The pain from the sequester — those automatic federal spending cuts triggered because Congress can’t pass a budget — is being felt.
Hundreds of thousands of federal employees will take a pay cut, including about 750,000 at the Pentagon alone.
States are looking at closing Head Start programs for needy children.
The White House has furloughed 480 people.
Lawrence Municipal Airport will lose its control tower in June.
New Hampshire will lose millions in federal aid for everything from education to environmental protection.
But one group is curiously absent from the pain — the very group creating the mess because they aren’t doing their jobs.
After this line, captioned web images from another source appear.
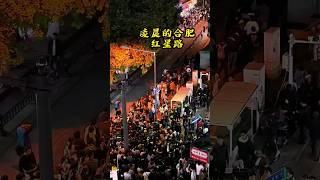 长江黄河不会倒流！一路走好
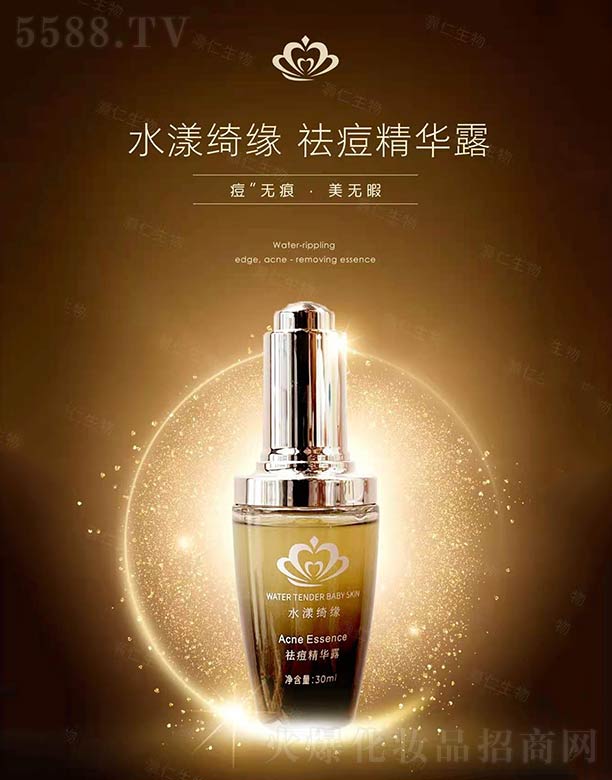Ƽ޹˾ˮԵ¶ 30ml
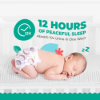 Picture of [Mini Pack] Fashion Baby Diapers Tape/Pants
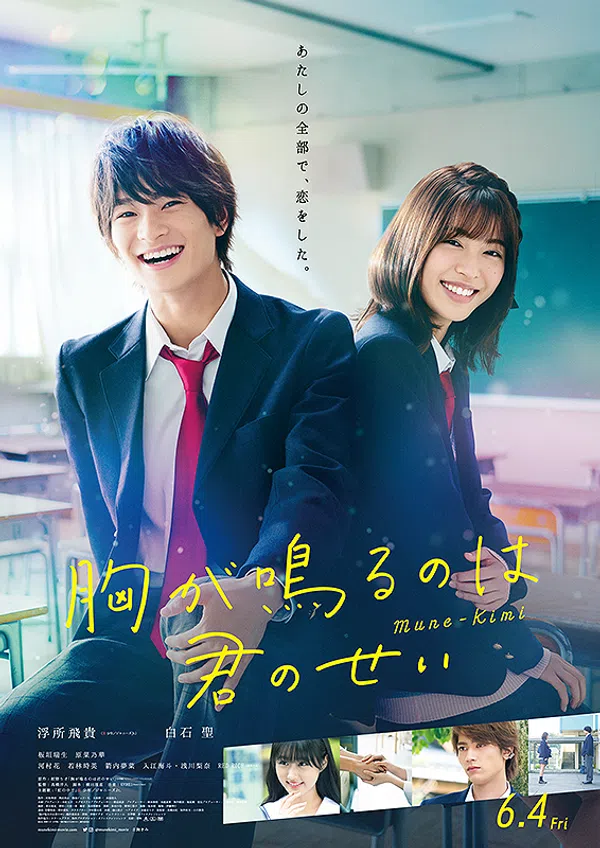 Poster phim Mune Ga Narunoha Kimi No Sei trên Xem Phim Fun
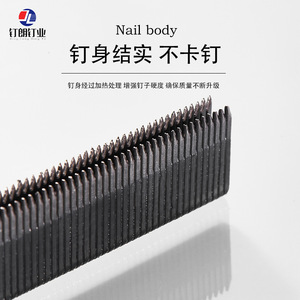 Agrafes Dinglang Crown 0,8 mm 2 à 2,9 pouces en acier au carbone, surface lisse, emballage en vrac pour pistolet à clous - Product Image 5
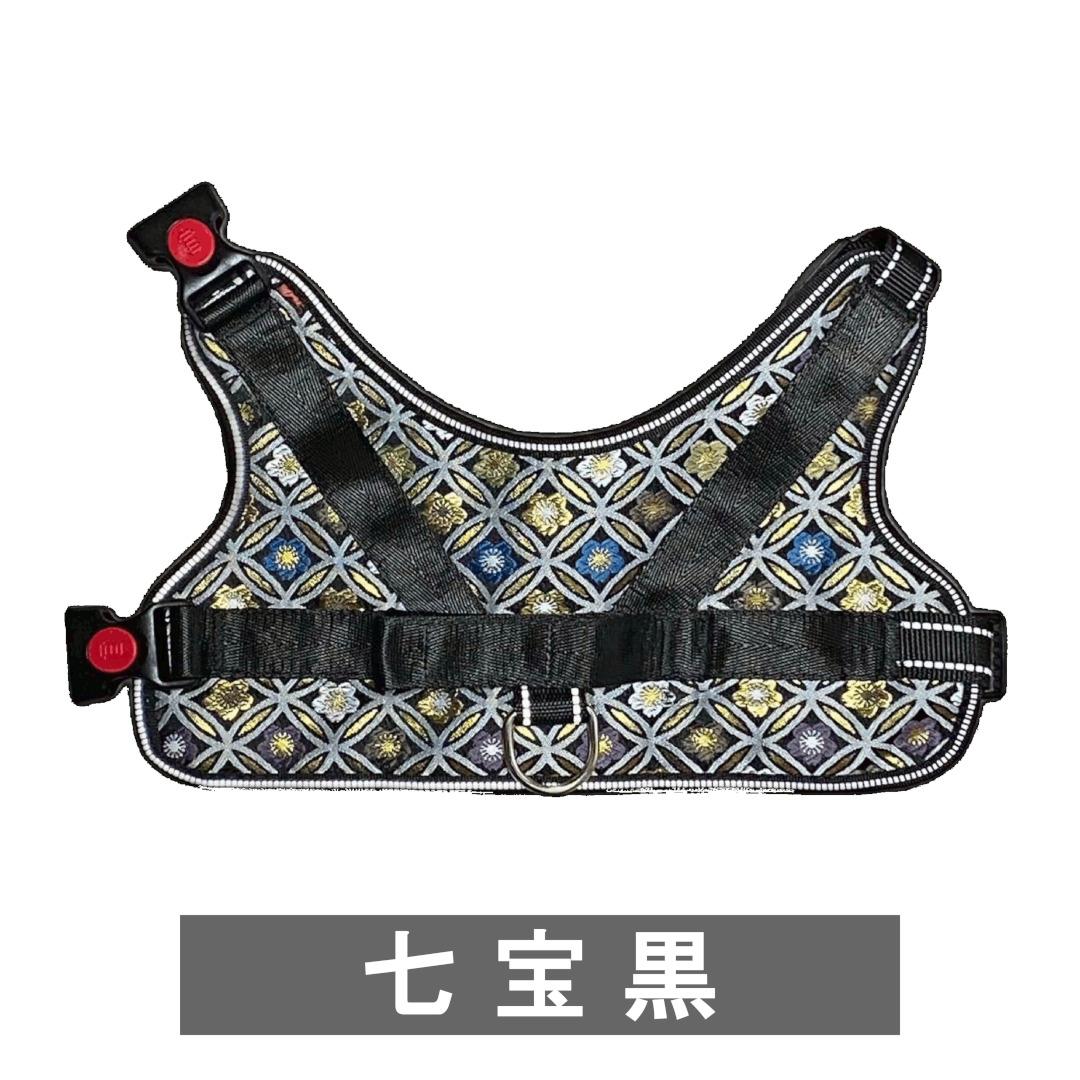 【 京都西陣金襴織 】中型犬用ハーネス 華（七宝 黒）《柴犬柄コースター付き！》【柴犬コウタのハッピィショップ】［ 犬用ハーネス 背中に乗せてカチッと留めるだけ 胴輪 抜けにくい お正月 お祝い 人気 おすすめ ギフト プレゼント お取り寄せ 通販 送料無料 ふるさと納税 ］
Members of Congress won’t take a pay cut because their pay is exempted from the sequester.
Under a Reagan-era law — when the sequester idea was first introduced — certain spending is exempt from automatic cuts, including, reasonably, Social Security, interest on the debt and Pell grants. But it also protects the pay of members of Congress and the president. (President Obama announced that he’d return 5 percent of his pay during the sequester.)
Congress could vote to cut its own pay, although by law the cut wouldn’t take effect until after the next election. Of course, there is nothing stopping all members from giving 5 percent of their pay to a charity or back to the federal treasury.
At the very least, the leadership in both chambers needs to take a cut for failing to get a budget through Congress.
The fact that Congress isn’t sharing in the fiscal pain it has caused is by no means the most egregious, or costly, spending that is being continued during sequestration.
Congress passed a stop-gap spending measure that preserves $380 million to finish development of a missile that doesn’t work and the Pentagon says it won’t buy.